Perhaps those cliches are true. After all, it isn’t saying
much that this might have been Leeds’ best performance of those four defeats.
These games tend to be decided by the finest of margins — as wretchedly insipid
as United were against Doncaster and Southampton, they still only lost 1-0 —
and for once Leeds created moments to swing the match in their favour. None
more so than Brenden Aaronson being put through on goal by Dominic
Calvert-Lewin as two Chelsea defenders attempted to tackle each other.
The similarity to Adam Armstrong’s chance that settled the
play-off final two years ago was eerie. It really was The Moment. A brilliant
opportunity to put Leeds ahead — and score a fucking goal at Wembley! — while
inciting the recent angst engulfing Chelsea. But if you have ever observed
Aaronson practising his shooting in warm-ups ahead of games, you won’t have
been surprised by the outcome. He can’t do it, and didn’t here, hitting Robert
Sanchez’s foot rather than the bottom corner, which is why everyone found his
ruthless finishes against Scum and Newcastle earlier this season so hard to
believe.
By that point the game had already settled into its rhythm
of Chelsea calmly keeping the ball, freed up by no longer having to stomach
Liam Rosenior’s word soup. Aside from that early slip, their centre-halves
nullified Calvert-Lewin physically, while at the other end of the pitch Joao
Pedro’s movement was giving United’s defence a headache, the striker hitting
the near post after getting behind James Justin following a sloppy clearing
header from Jaka Bijol. Lost in the middle of those two battles between attack
and defence, Ethan Ampadu and Ao Tanaka could never get close enough to their
opposite numbers in midfield.
Shortly afterwards, Pascal Struijk was nudged by Pedro Neto
when challenging for a hoof forward then clumsily lost the ball to Pedro, who
gave it back to Neto on his right. With Leeds’ defence out of shape, Neto
crossed for Enzo Fernandez to head past Lucas Perri while standing unmarked
between James Justin and Jayden Bogle. Eight minutes apart, Aaronson’s miss and
Struijk’s dithering ultimately defined the fine margins that Leeds keep falling
the wrong side of on days like these.
At the half-time whistle, Joe Rodon and Anton Stach
immediately began preparing to be introduced from the bench in a rare case of
early changes from Daniel Farke. The switch to four at the back so Leeds could
match Chelsea man for man helped United gain a foothold after the break, Stach
hammering a shot from the edge of the box that was tipped over for a corner
within a minute of entering the pitch. But it remained too familiar a story.

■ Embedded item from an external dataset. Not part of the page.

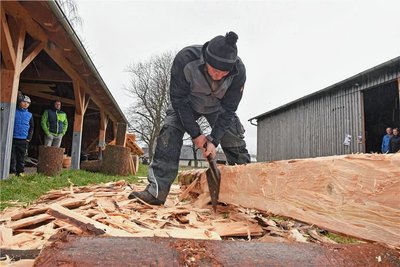 Marcel Oehme zeigte Zimmermannsarbeiten.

Too much muddled thinking, too many uncharacteristically poor first touches
(Jayden Bogle, I’m looking at you), too often set-pieces wasted. In a rare
moment of clarity, Noah Okafor made a yard of space for himself on the left
wing and floated a cross towards Calvert-Lewin, finally in between defenders,
only to head his attempt too close to Sanchez and into the goalkeeper’s hands.

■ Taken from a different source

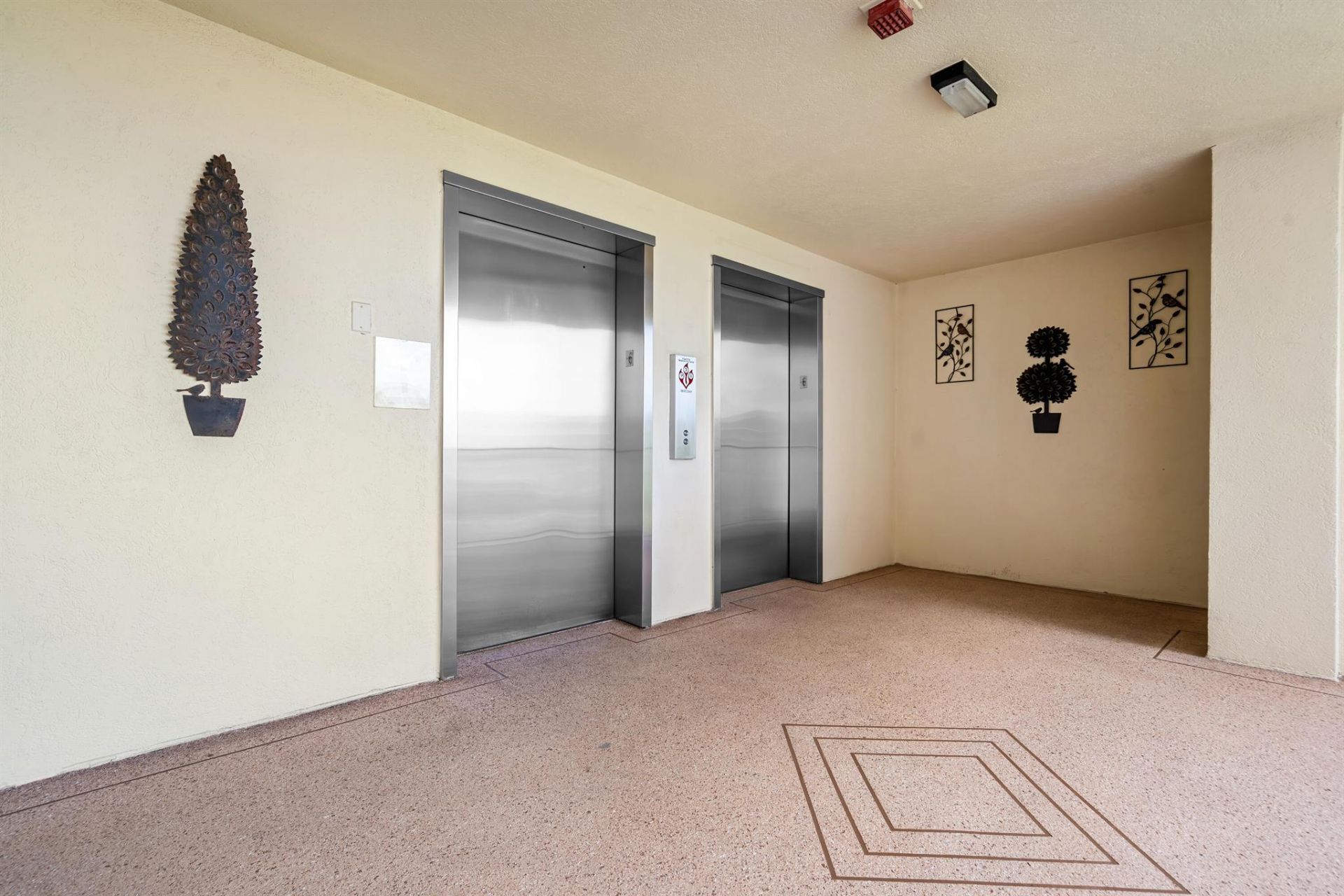 7290 Kinghurst Drive, Unit 607, Delray Beach, FL 33446 Photo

It might feel desperate to cling to those Aaronson and
Calvert-Lewin chances as proof this wasn’t the usual Wembley no-show. But I’m
also clinging onto Chelsea’s actions in the second half and their own
desperation in asking Sanchez to sit down so Calum McFarlane could have a word
with the rest of his team, only to be rightly interrupted by Ampadu making a
mockery of the whole thing by heading over for a drink of water and a spot of
eavesdropping. For once, Leeds at least gave the opposition something to think
about.
As dispiriting as the day was, a billion pound squad
narrowly beating a newly-promoted team playing in their first FA Cup semi-final
in four decades just doesn’t feel like the same old Leeds to me. If United
really are back, then it’s time to believe that days like this aren’t once in a
generation moments or only reserved for play-off finals after relegations. If
we’ve proved anything to ourselves it’s that FA Cup campaigns don’t need to end
in third round defeats to lower league opposition. And if we’ve learned
anything it’s that if we’re ever going to score at Wembley we need to keep
coming back for more, even if all I want to do right now is fast forward to
Friday night and get back home to Elland Road.